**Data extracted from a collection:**
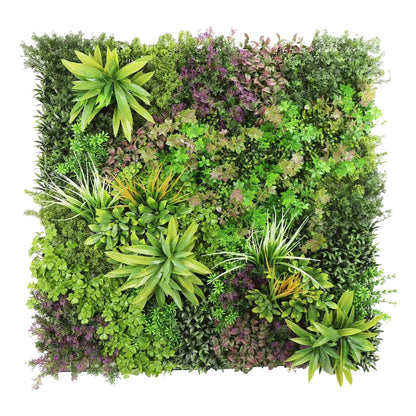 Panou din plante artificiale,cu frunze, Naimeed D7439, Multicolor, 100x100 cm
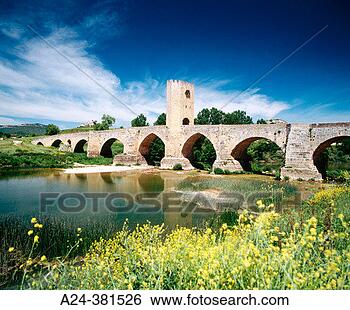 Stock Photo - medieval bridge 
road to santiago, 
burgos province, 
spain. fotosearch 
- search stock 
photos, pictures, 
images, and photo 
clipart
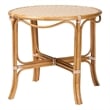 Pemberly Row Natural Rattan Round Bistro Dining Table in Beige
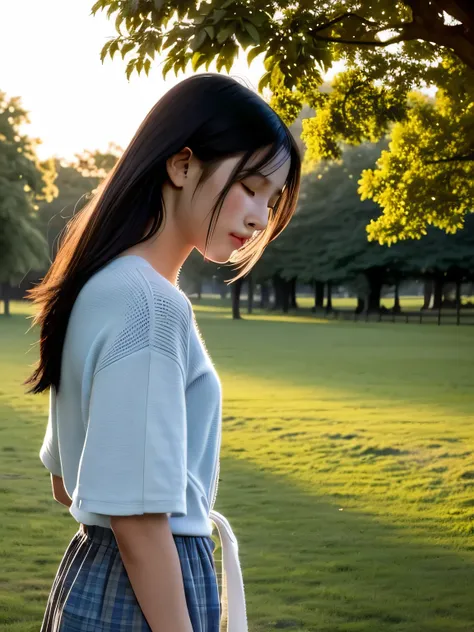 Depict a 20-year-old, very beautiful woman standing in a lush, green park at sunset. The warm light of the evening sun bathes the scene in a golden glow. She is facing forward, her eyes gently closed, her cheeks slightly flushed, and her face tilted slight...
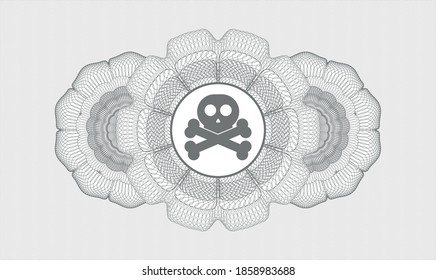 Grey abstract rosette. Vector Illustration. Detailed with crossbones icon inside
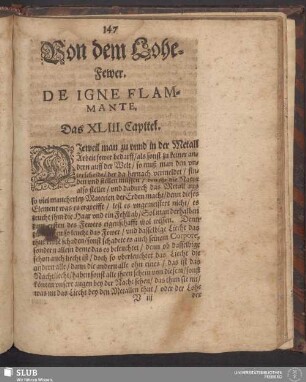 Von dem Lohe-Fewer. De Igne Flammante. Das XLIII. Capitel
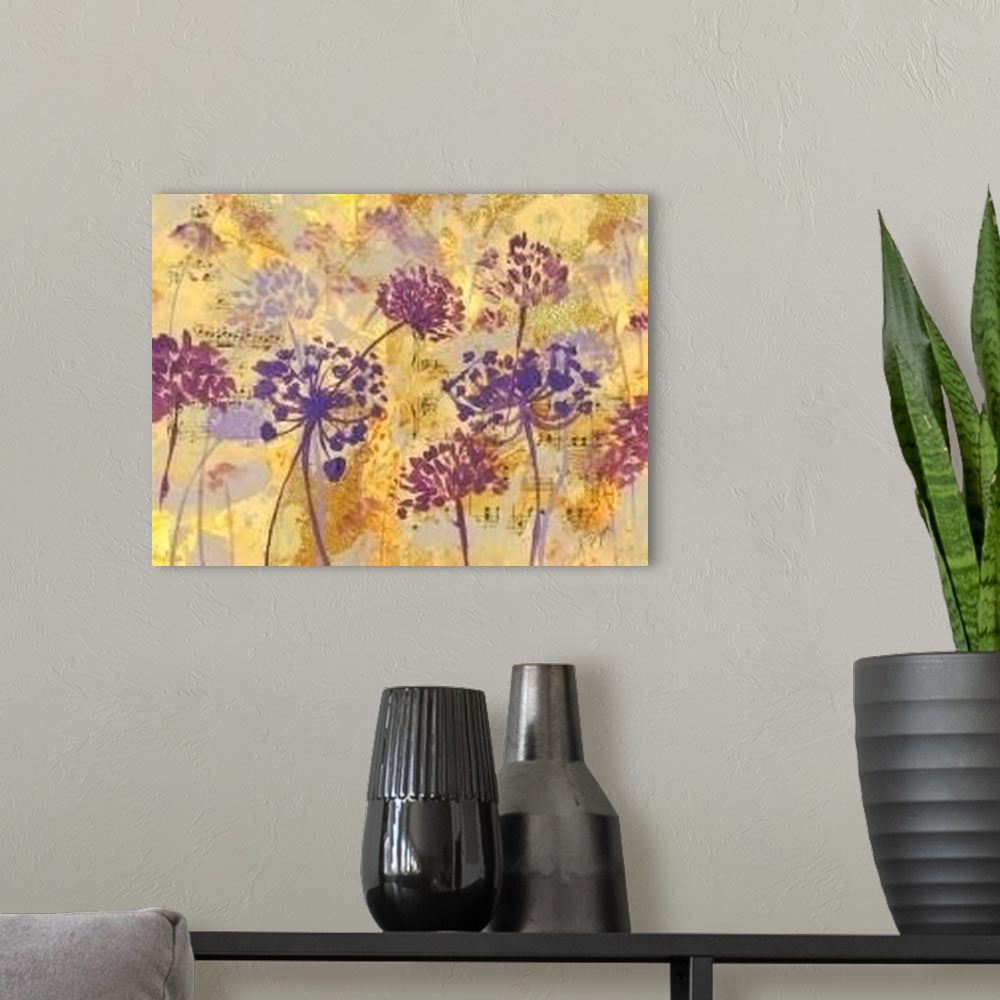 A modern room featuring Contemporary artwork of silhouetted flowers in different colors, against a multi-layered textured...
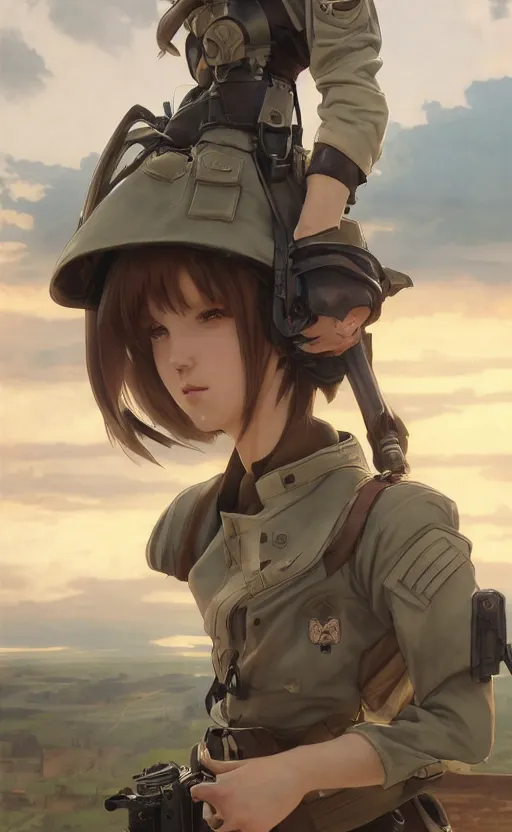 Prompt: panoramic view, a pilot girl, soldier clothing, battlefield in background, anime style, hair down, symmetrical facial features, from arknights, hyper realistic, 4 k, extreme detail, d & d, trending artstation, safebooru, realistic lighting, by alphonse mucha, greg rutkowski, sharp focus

**Work to be completed:**
The records above are to be transcribed exactly, with every picture left out.

**Your response:**
 Panou din plante artificiale,cu frunze, Naimeed D7439, Multicolor, 100x100 cm
 Stock Photo - medieval bridge 
road to santiago, 
burgos province, 
spain. fotosearch 
- search stock 
photos, pictures, 
images, and photo 
clipart
 Pemberly Row Natural Rattan Round Bistro Dining Table in Beige
 Depict a 20-year-old, very beautiful woman standing in a lush, green park at sunset. The warm light of the evening sun bathes the scene in a golden glow. She is facing forward, her eyes gently closed, her cheeks slightly flushed, and her face tilted slight...
 Grey abstract rosette. Vector Illustration. Detailed with crossbones icon inside
 Von dem Lohe-Fewer. De Igne Flammante. Das XLIII. Capitel
 A modern room featuring Contemporary artwork of silhouetted flowers in different colors, against a multi-layered textured...
 Prompt: panoramic view, a pilot girl, soldier clothing, battlefield in background, anime style, hair down, symmetrical facial features, from arknights, hyper realistic, 4 k, extreme detail, d & d, trending artstation, safebooru, realistic lighting, by alphonse mucha, greg rutkowski, sharp focus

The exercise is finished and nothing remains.